Former deputy Prime Minister Winston Peters has labelled a campaign by the Māori Party to change the country's name to Aotearoa "left-wing radical bull dust" and "dumb extremism".
A petition was launched by the political party on Tuesday calling on the House of Representatives to change the country's official name to Aotearoa and "officially restore the Te Reo Māori names for all towns, cities and place names".
But the petition, launched during Te Wiki o Te Reo Māori / Māori Language Week, hasn't gone down well with Peters, the New Zealand First leader who left Parliament at last year's election.
"This is just more left-wing radical bull dust," Peters said on his Twitter account, which he began tweeting from again last week after silence since October. "Changing our country's name and town and city names is just dumb extremism."
"We are not changing to some name with no historical credibility. We are for keeping us New Zealand."
Changing the name of the country as well as towns and cities by 2026 were policies of the Māori Party at the 2020 general election.
At the time, Peters called it "headline hunting without any regard to the cost to this country". He said it would make the country's "international marketing brand confusing".
Māori Party co-leader Rawiri Waititi said on Tuesday that it was "well past time that Te Reo Māori was restored to its rightful place as the first and official language of this country".
"We are a Polynesian country, we are Aotearoa.
"Tangata whenua are sick to death of our ancestral names being mangled, bastardised, and ignored. It’s the 21st Century, this must change.
"Article 3 of Te Tiriti o Waitangi promises tangata whenua the same rights as British citizens, that te reo Māori me ōna tikanga katoa be treated and valued exactly the same as the English language – ko te mana ōrite tērā."
Debbie Ngarewa-Packer, the party's other co-leader, said name changes over whenua (land) and "the imposition of a colonial agenda" in the education system in the early 1900s had led to Te Reo Māori fluency among tupuna (grandparents or ancestors) falling "from 90 percent in 1910 to 26 percent in 1950".
It's only continued to fall from there and Ngarewa-Packer said it was the "duty of the Crown to do all that it can to restore the status of our language to where it was when the moment they arrived and interrupted our natural development".

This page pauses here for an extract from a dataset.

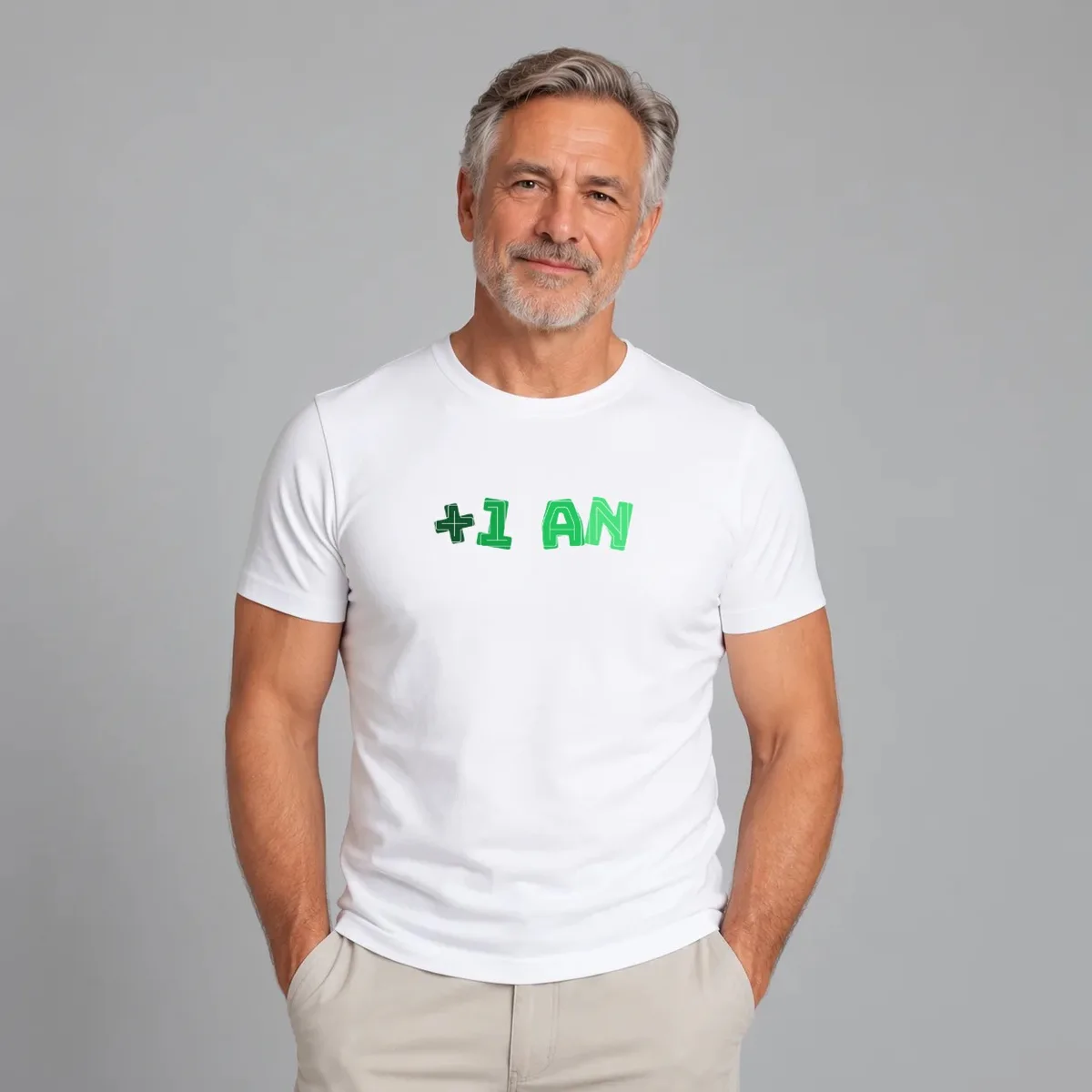 Tricou „+1 an” — Alb, Față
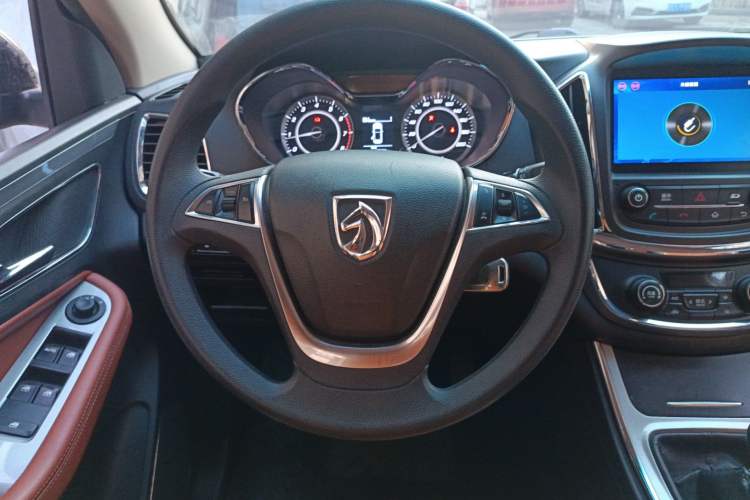 Used Baojun 560 2015 1.8L Manual Elite Edition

"That means it needs to be accessible in the most obvious of places; on our televisions, on our radio stations, on road signs and maps and in our education system."
It's not the first time a petition has been created to official change the country's name.
In 2019, Parliament's Governance and Administration Select Committee considered two petitions related to the use of Aotearoa. One asked that country's name be Aotearoa New Zealand, while the second called for a referendum on the matter.
The committee noted that Aotearoa is "increasingly being used as an alternative way to refer to New Zealand", with references to it in legislation, but it didn't recommend a name change.
"While not legislated, the use of bilingual titles throughout Parliament and government agencies is common," the committee said. "We thank the petitioners for bringing this matter to our attention. However, at present we do not consider that a legal name change, or a referendum on the same change, is needed."
As Kerry Howe, an author on New Zealand and Pacific history, wrote for Newsroom last year, the origins of Aotearoa are "obscure". While he says it is the "modern name favoured by many Māori and others", it isn't found in Te Tiriti o Waitangi. However, evidence of its use has been found as early as 1855, Howe said.
New Zealand's name became a topic again this year after Stuart Smith, National's MP for Kaikoura, called for a referendum on whether the country should be called New Zealand or Aotearoa. It came after he said he received "overwhelming" correspondence from Kiwis saying the Government had been "arrogant in changing it de facto without any public discussion".
His leader, Judith Collins, backed the call, claiming Government agencies were "changing it" and Prime Minister Jacinda Ardern "barely" spoke "about New Zealand these days". Government ministers called the idea "ridiculous" and the ACT Party said there were more important things to focus on.
Aotearoa has also been on the cover of New Zealand passports since 2009, when National was in Government. New Zealand banknotes also feature 'Aotearoa', which Sir John Key revealed in 2015.